J. COMMITMENTS AND CONTINGENCIES
Unsecured Creditors of the Company
The Company is in payment default on an unsecured note totaling $25,079, including interest thereon of $13,127 which accrues interest at the rate of 8% per annum. Whenever feasible, the Company negotiates with these creditors to reach settlement agreements that are acceptable to the Company, including agreements to swap equity for debt owed to these creditors. However, if the Company is unable to reach acceptable settlement arrangements it may be subject to various collection actions.
K. STOCK ISSUANCES:
For the year ended June 30, 2012 and 2011 the Company made no stock issuances.
L. INCOME TAXES:
As of December 31, 2012, the Company had net operating loss carry-forwards totaling approximately $27 million, before any limitations. The carry-forwards expire through 2032.

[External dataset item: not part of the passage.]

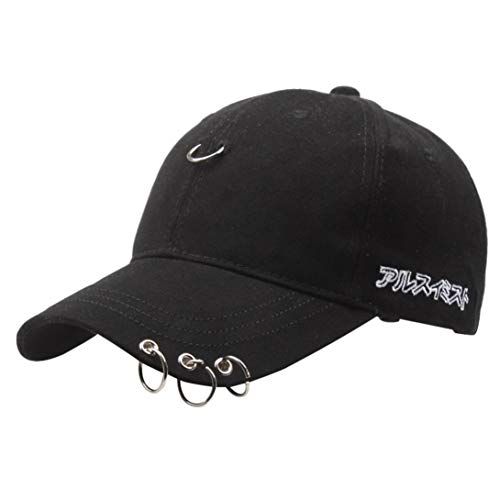 Baumwolle Baseball Cap K-Pop-Jungen-Mädchen Im Freien Eisen Ring Baseball-Mütze Lässige Adjustable Vati-Hut Hip Hop-Hut von AMOYER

The realization of any future income tax benefits from the utilization of net operating losses may be severely limited. Federal and state tax laws contain complicated change of control provisions (generally when a more than 50 percent ownership change occurs within a three-year period), which, if triggered, could limit or eliminate the use of the Company's net operating loss carry-forwards. (See also Footnote O – “Subsequent Events”)
M. GOING CONCERN:
As of December 31, 2012 the Company was a shell company as defined under Rule 12b-2 of the Exchange Act and had no operating business. Without an operating business the Company has no revenue, cash flow or earnings available to meet its obligations. Consequently, the Company would need to raise additional capital to meet its reporting requirements and to defend, when necessary, against creditors that attempt to collect on their debt. These factors, as well as the risks associated with raising capital through the issuance of equity and/or debt securities created uncertainty as to the Company's ability to continue as a going concern.
The Company's plan to address its going concern issues is to locate a viable operating business to acquire or merge with. (See Footnote O – “Subsequent Events” for description of Merger with an operating company)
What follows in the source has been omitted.